#### [Exercise brief]
Locate "Celio Men Black" in the listing. Transcribe the line that contains it and every line that follows, through the last, omitting all pictures.
- Opening Delimiter -
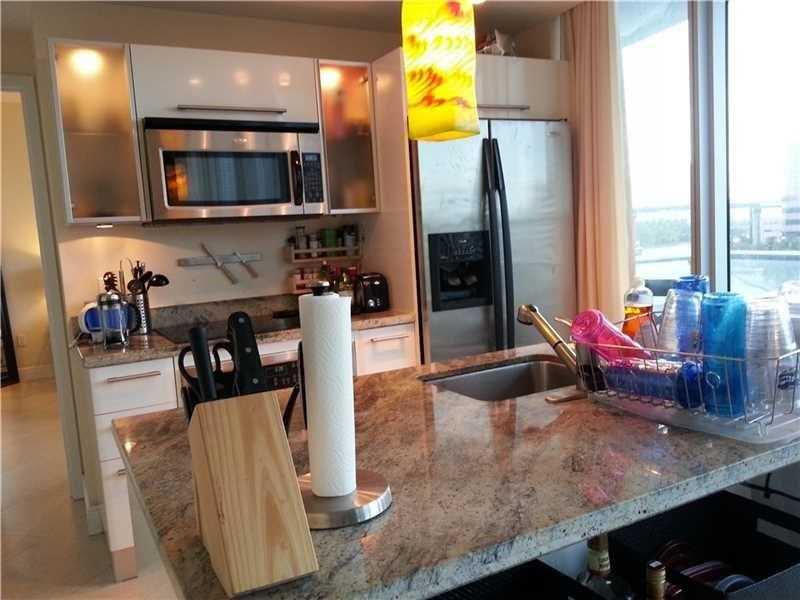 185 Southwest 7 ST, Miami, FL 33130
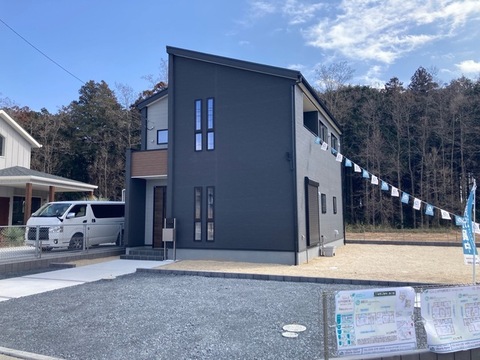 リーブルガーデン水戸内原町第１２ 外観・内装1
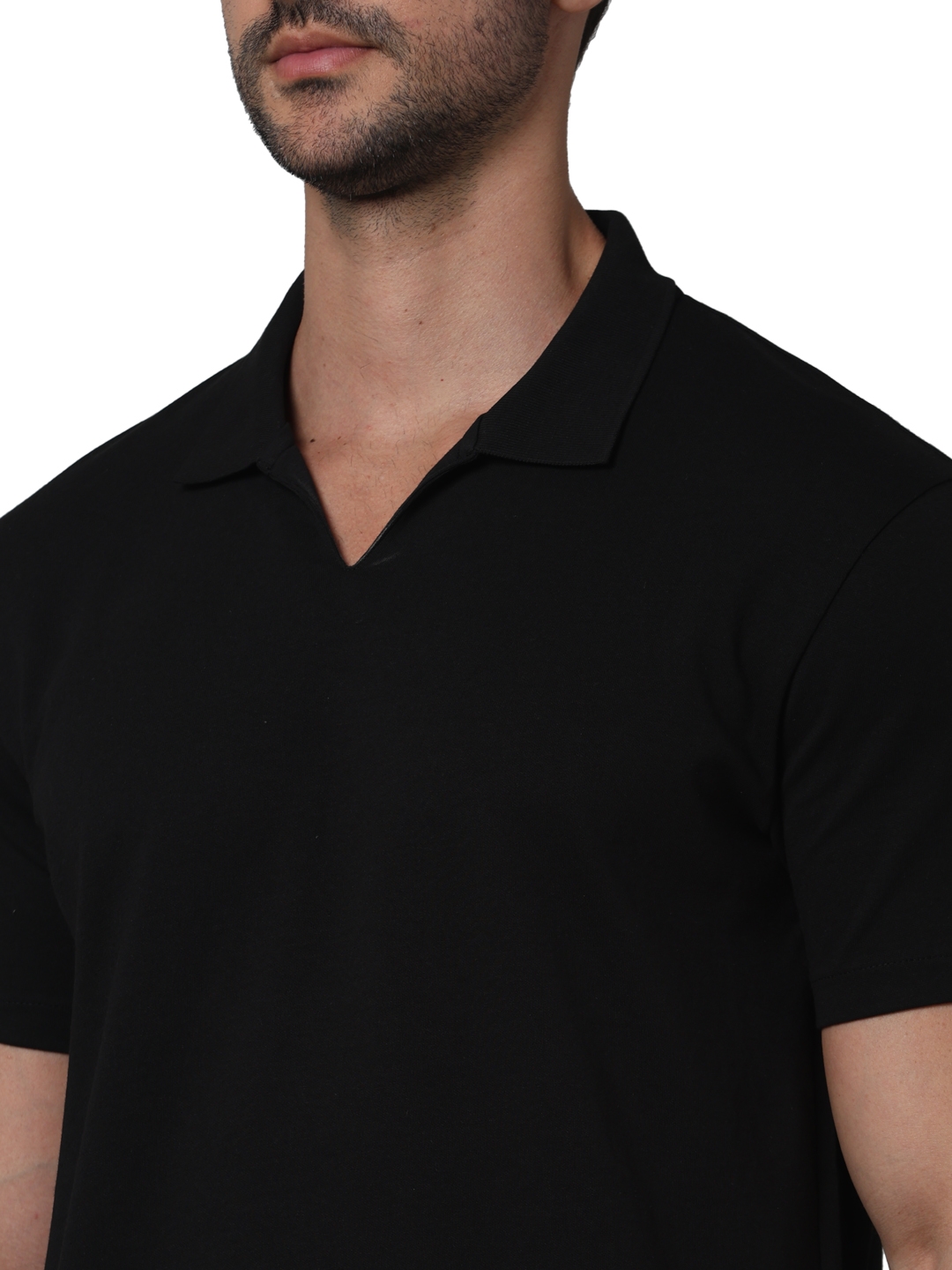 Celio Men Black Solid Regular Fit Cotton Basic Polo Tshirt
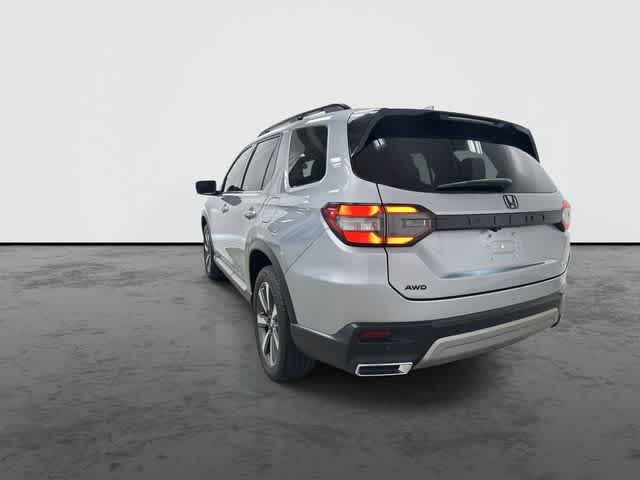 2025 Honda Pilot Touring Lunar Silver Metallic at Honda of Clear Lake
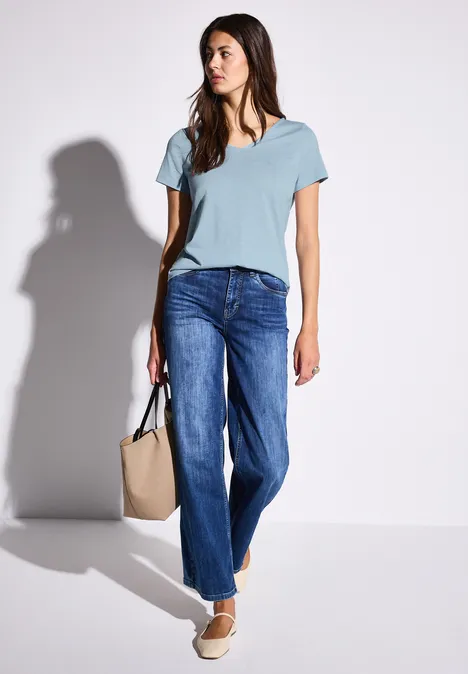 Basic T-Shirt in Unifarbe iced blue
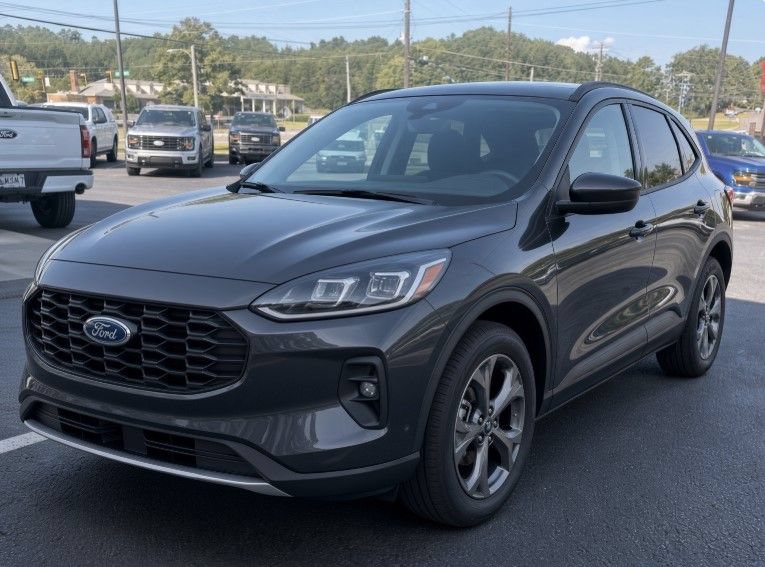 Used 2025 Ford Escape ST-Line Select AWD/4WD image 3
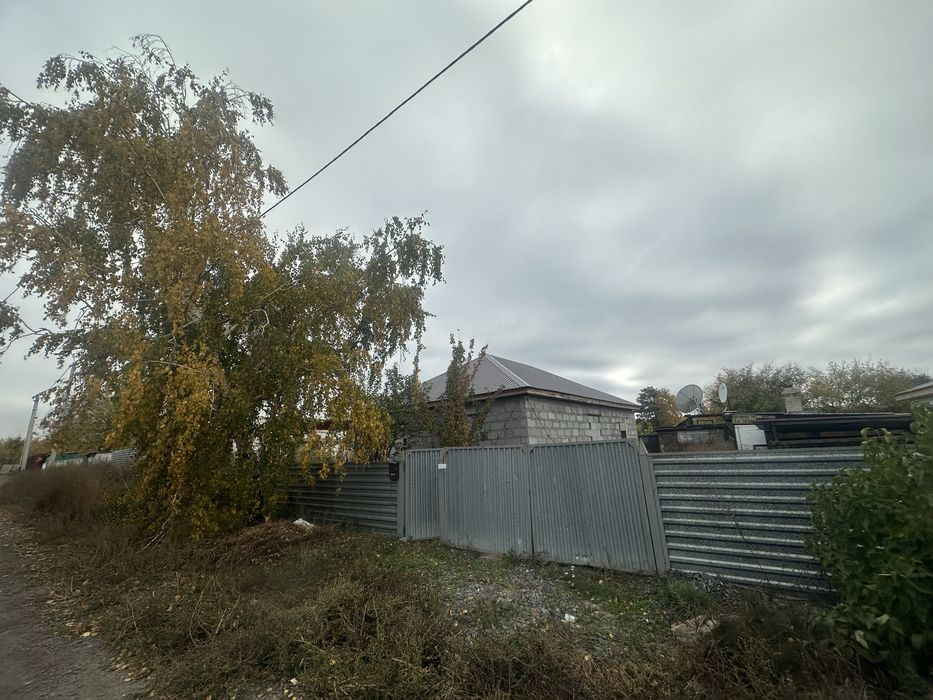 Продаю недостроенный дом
- Closing Delimiter -
#### [Task response]
 Celio Men Black Solid Regular Fit Cotton Basic Polo Tshirt
 2025 Honda Pilot Touring Lunar Silver Metallic at Honda of Clear Lake
 Basic T-Shirt in Unifarbe iced blue
 Used 2025 Ford Escape ST-Line Select AWD/4WD image 3
 Продаю недостроенный дом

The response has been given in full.